[Collection entries]
──────────────────────────────

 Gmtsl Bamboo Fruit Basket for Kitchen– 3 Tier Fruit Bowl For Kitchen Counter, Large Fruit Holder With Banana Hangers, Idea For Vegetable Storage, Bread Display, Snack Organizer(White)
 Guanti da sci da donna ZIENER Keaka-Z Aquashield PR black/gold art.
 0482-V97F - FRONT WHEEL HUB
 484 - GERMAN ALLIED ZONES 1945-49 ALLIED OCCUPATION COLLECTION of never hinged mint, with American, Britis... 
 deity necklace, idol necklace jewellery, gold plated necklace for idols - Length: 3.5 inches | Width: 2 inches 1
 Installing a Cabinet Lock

──────────────────────────────

* What this task involves *
Please transcribe the data above without changes, from its first line to its "484 - GERMAN" line, and leave out anything past that.

* Solution below *
 Gmtsl Bamboo Fruit Basket for Kitchen– 3 Tier Fruit Bowl For Kitchen Counter, Large Fruit Holder With Banana Hangers, Idea For Vegetable Storage, Bread Display, Snack Organizer(White)
 Guanti da sci da donna ZIENER Keaka-Z Aquashield PR black/gold art.
 0482-V97F - FRONT WHEEL HUB
 484 - GERMAN ALLIED ZONES 1945-49 ALLIED OCCUPATION COLLECTION of never hinged mint, with American, Britis... 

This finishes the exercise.